BEGIN

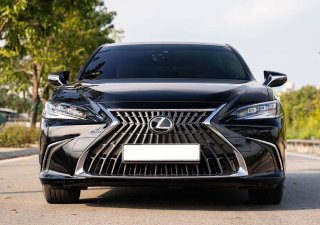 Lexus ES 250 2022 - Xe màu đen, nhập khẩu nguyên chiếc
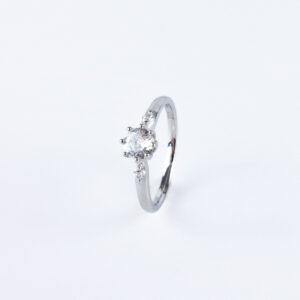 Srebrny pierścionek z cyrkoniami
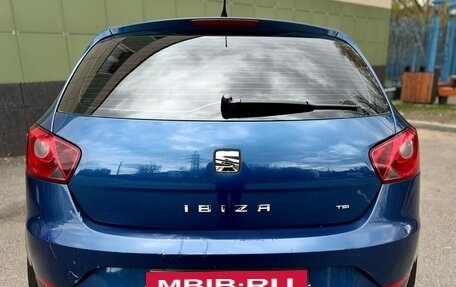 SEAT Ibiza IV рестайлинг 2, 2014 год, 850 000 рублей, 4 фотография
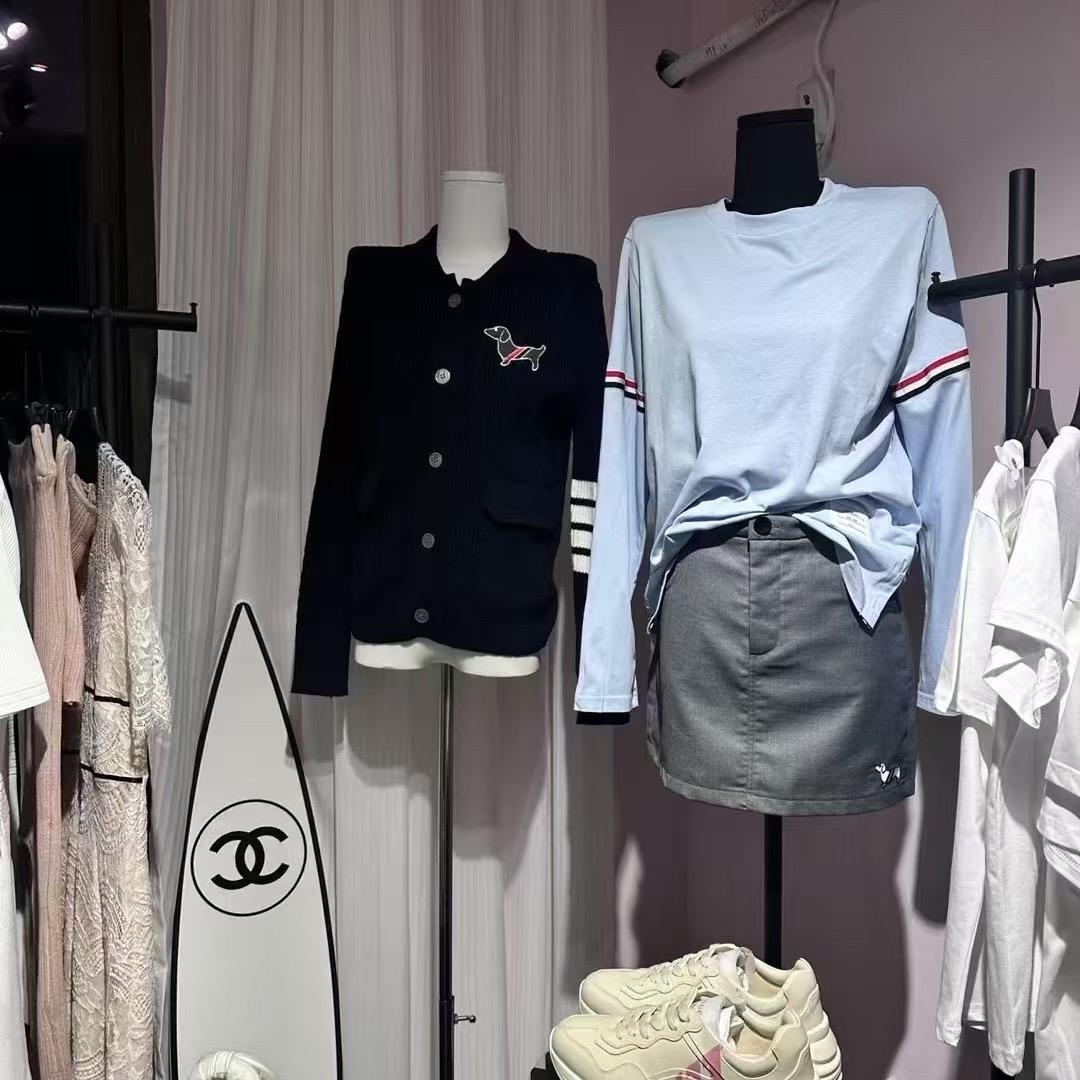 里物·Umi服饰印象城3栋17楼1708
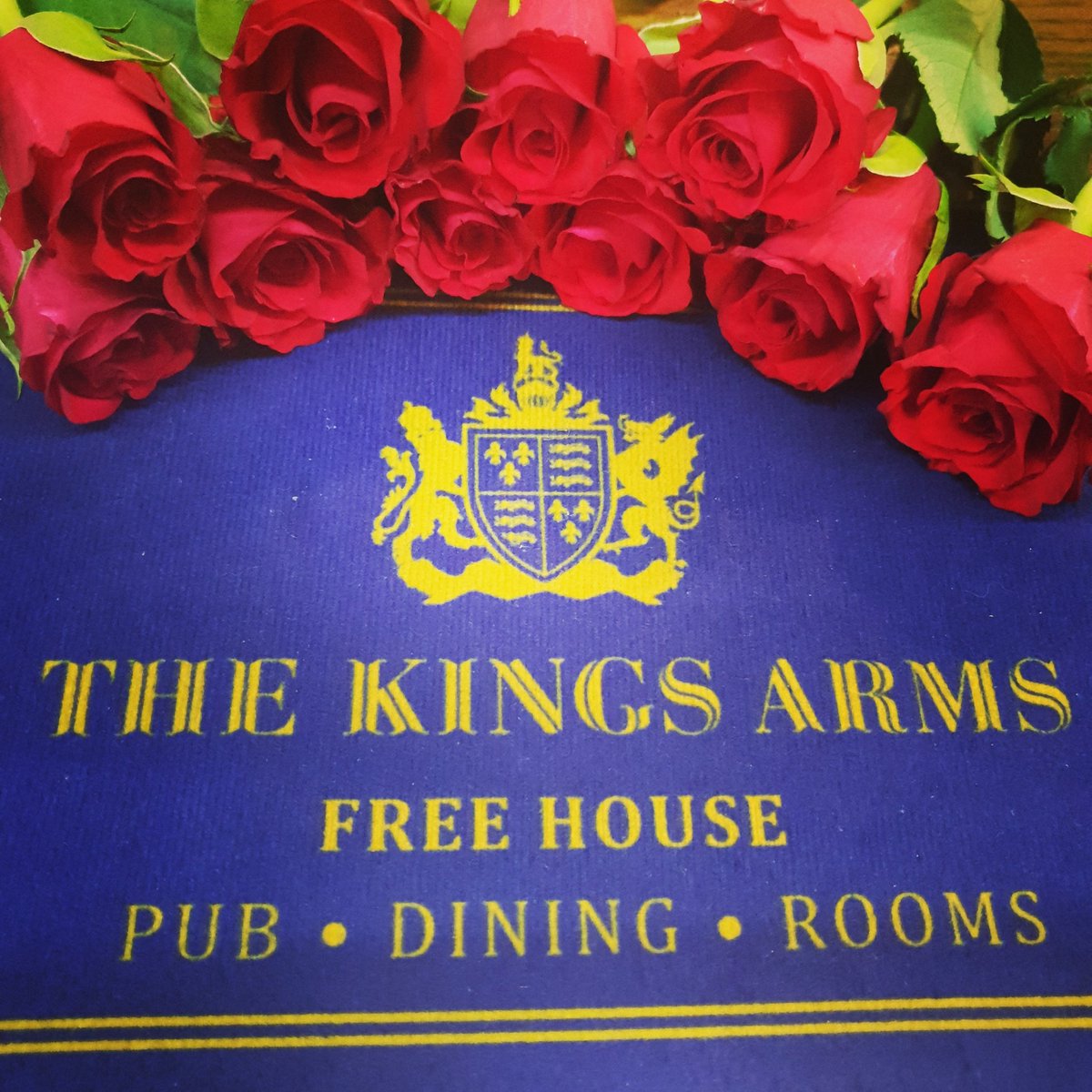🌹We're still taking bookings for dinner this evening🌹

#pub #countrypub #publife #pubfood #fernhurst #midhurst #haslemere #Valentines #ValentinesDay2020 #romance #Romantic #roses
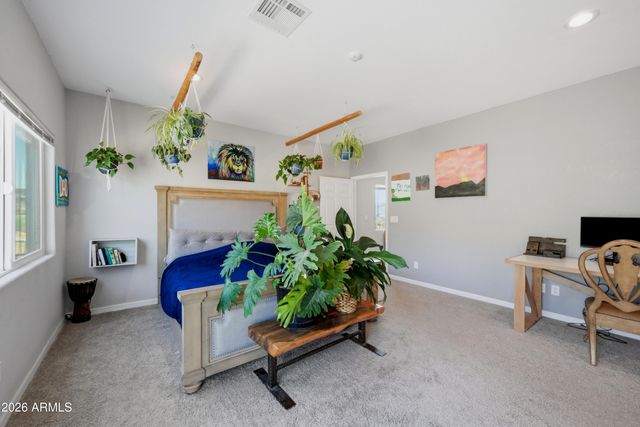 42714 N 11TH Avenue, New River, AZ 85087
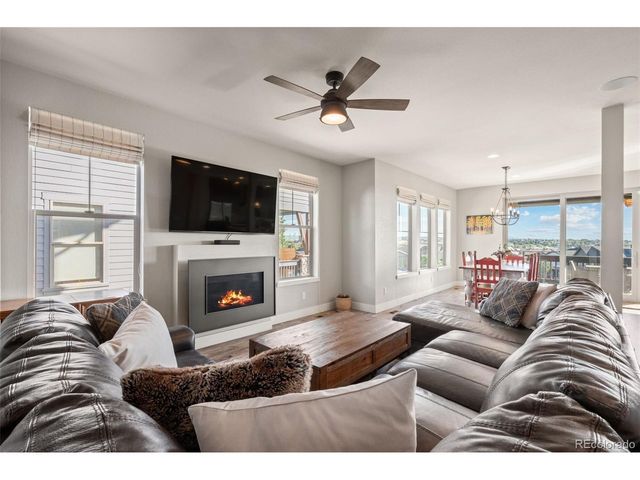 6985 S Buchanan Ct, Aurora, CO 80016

END

- **ACTIVITY**
Please return only the lines from the top of the data through the line with "dinner this evening🌹", exactly as written, and drop every picture.

- **ANSWER**
 Lexus ES 250 2022 - Xe màu đen, nhập khẩu nguyên chiếc
 Srebrny pierścionek z cyrkoniami
 SEAT Ibiza IV рестайлинг 2, 2014 год, 850 000 рублей, 4 фотография
 里物·Umi服饰印象城3栋17楼1708
🌹We're still taking bookings for dinner this evening🌹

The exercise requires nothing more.